First and foremost, while the graphics seem to be as bland and unimpressive as ever, it’s quite apparent that this was a stylistic choice. The power of the next-gen systems has been put to a more subtle use this time around, allowing for the game’s environments to include far more items to be picked up, as well as a lot of activity. The version we played (being demoed on an Xbox 360) plopped us down on a small island where a family was playing, amusingly enough, the Xbox 360 on their TVs. However, a look all around revealed all sorts of characters running around, fishing, wrestling, biking, and doing all sorts of other things as my Katamari slowly increased in size.
Even with the Xbox 360 controller, the gameplay feels exactly the same as the previous games. The left and right sticks control Katamari like a tank, press the sticks in to jump to the other side, and flick ‘em back and forth to power up a speedy dash. While other ports to the 360 feel at least a little different on the different controller, Katamari’s gameplay made the game immediately familiar, and I have to imagine the same will be true of the PS3 Sixaxis controller.

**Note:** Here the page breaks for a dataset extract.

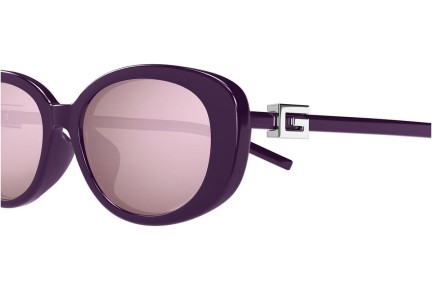 Ochelari de soare Gucci GG1684SA 005 Ovali Violeți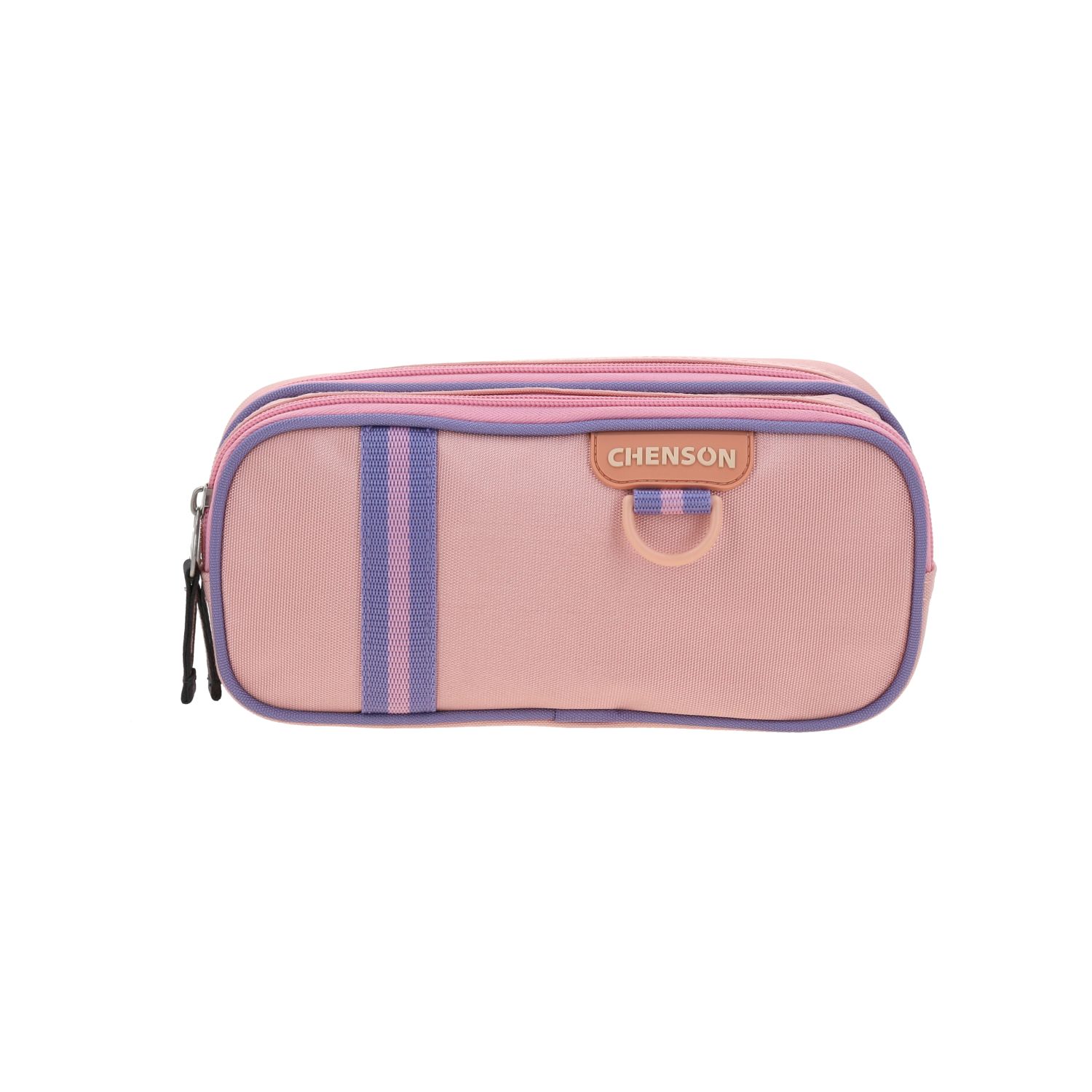 Lapicera beige Chenson Clásico con doble compartimento para estuche escolar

With all this stuff being so alike to the old games, you might be wondering just what’s new, and the answer is primarily the addition of multiplayer support, which will allow for both a co-op mode comparable to the one seen in We Love Katamari (with each player controlling one side of the Katamari) as well as a versus mode that sounds similar to the one seen in the original game. As is befitting the online environment, players will also be able to outfit their own princes, princesses and second cousins with their own unique look thanks to a new character creator, so when your massive Katamari slams into another player’s online, they have a unique face burned in their memory to curse in the name of the great King of All Cosmos. Err… or something like that.
It also bears mention that the game will feature an entirely new soundtrack. Still, given the series’ track record for wonderfully unique and appropriately Japanesey soundtracks, there’s little doubt that Beautiful Katamari will have a beautiful soundtrack to go with it.
While it remains to be seen how opting not to deviate too far from the original game’s formula will work for the series as it moves to next-gen platforms, series fans are probably unlikely to complain even if this game turns out to be just “more of the same”, because we just can’t get enough Katamari, and even just the ability to share our Katamari experience online is something that’s too tempting to pass up.
It's not like a Katamari game requires incredible graphics, so this one looks as ready to go as it's gonna' be.